> TASK REQUIREMENTS: Please transcribe the records precisely; pictures stay out of your copy.

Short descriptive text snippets
——————
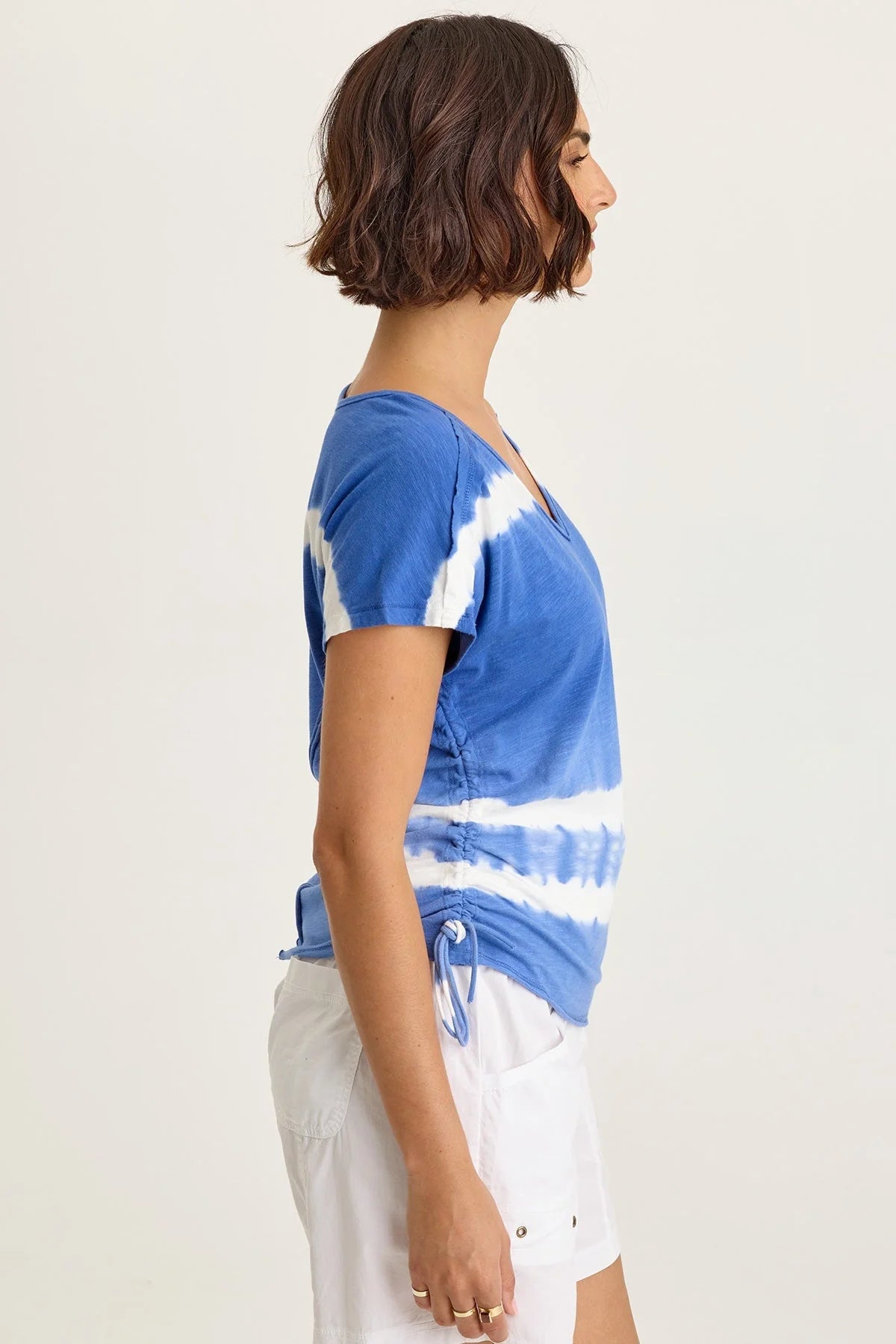 Relaxed Lucille Slub Jersey V-Neck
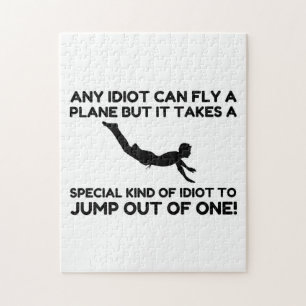 IDIOT SKYDIVING JIGSAW PUZZLE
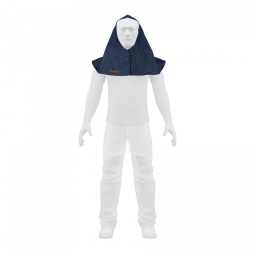 Proteccion para soldar, capucha de mezclilla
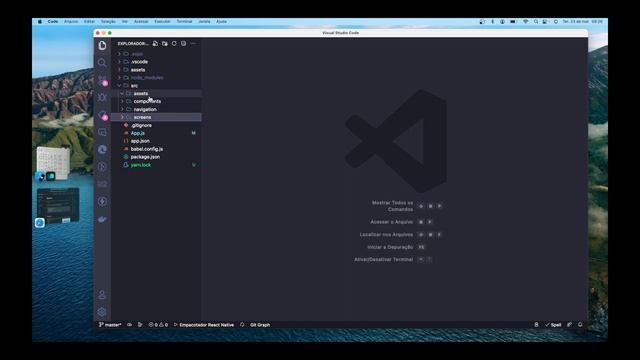 Curso Mobile c/ React Native: Clone do WhatsApp - Aula 04 - Criando estrutura de pasta смотреть онлайн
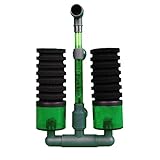 Powkoo Double Super Biochemical Sponge Filter, Max Aquarium fish Tank 40 Gallons (Filter)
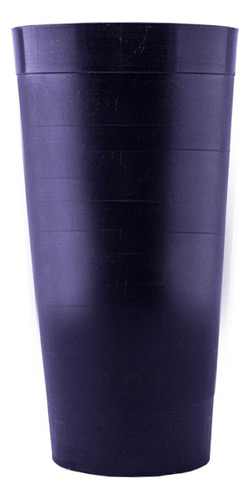 Eco Vaso Gulliber Negro Plástico Pp 350 Cc X 50 U.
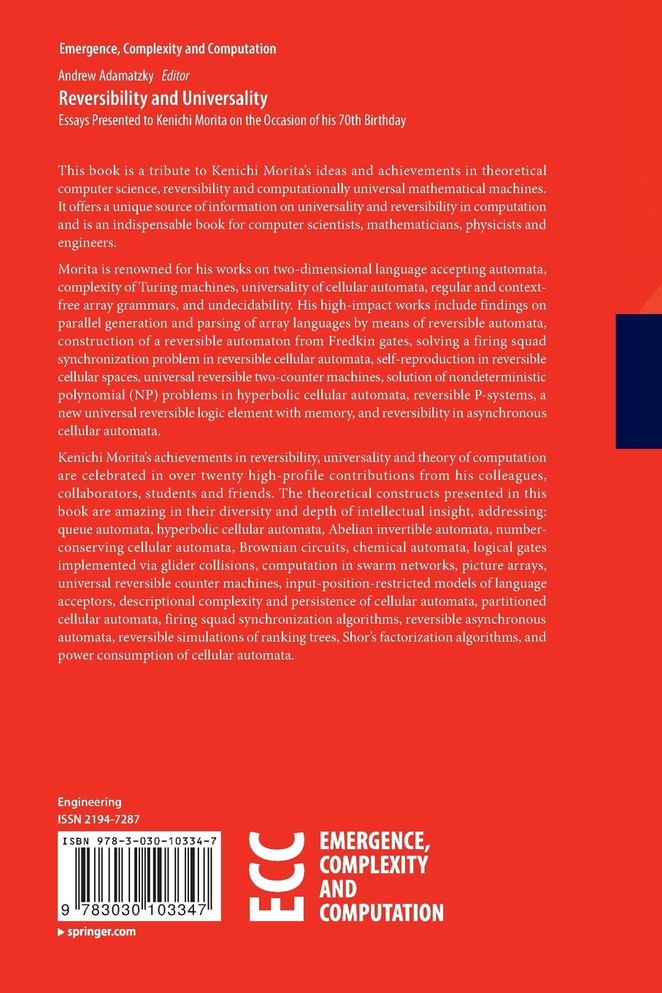 Reversibility and Universality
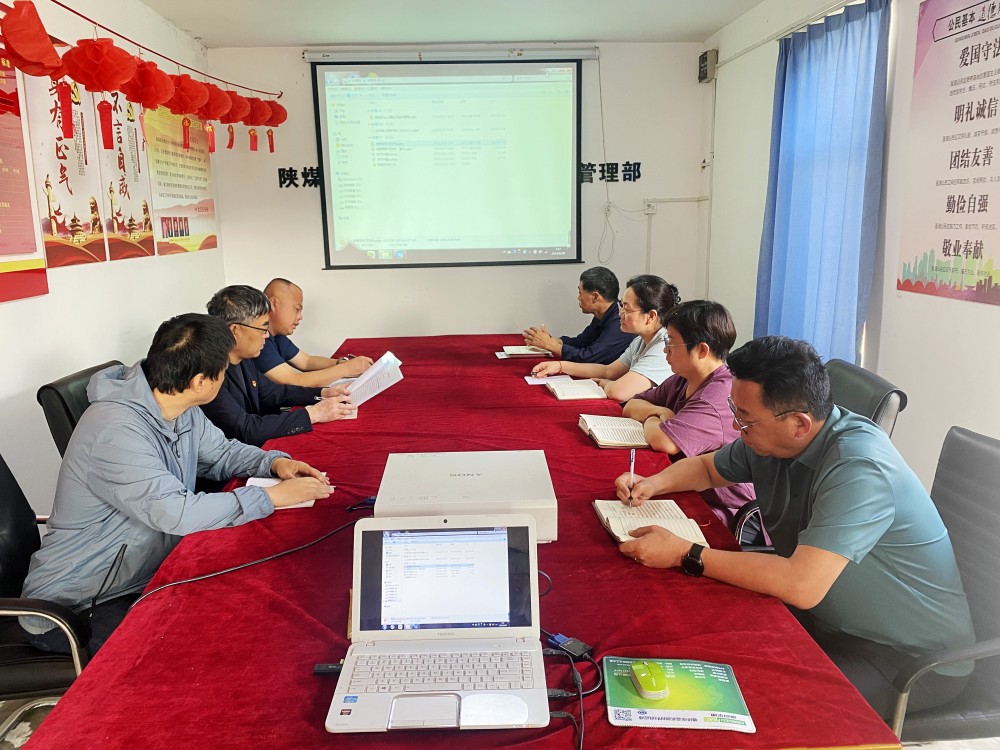 陜煤建設(shè)渭南分公司物資設(shè)備管理部為質(zhì)量把好關(guān) 為安全護(hù)好航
——————
> SOLUTION:
 Relaxed Lucille Slub Jersey V-Neck
 IDIOT SKYDIVING JIGSAW PUZZLE
 Proteccion para soldar, capucha de mezclilla
 Curso Mobile c/ React Native: Clone do WhatsApp - Aula 04 - Criando estrutura de pasta смотреть онлайн
 Powkoo Double Super Biochemical Sponge Filter, Max Aquarium fish Tank 40 Gallons (Filter)
 Eco Vaso Gulliber Negro Plástico Pp 350 Cc X 50 U.
 Reversibility and Universality
 陜煤建設(shè)渭南分公司物資設(shè)備管理部為質(zhì)量把好關(guān) 為安全護(hù)好航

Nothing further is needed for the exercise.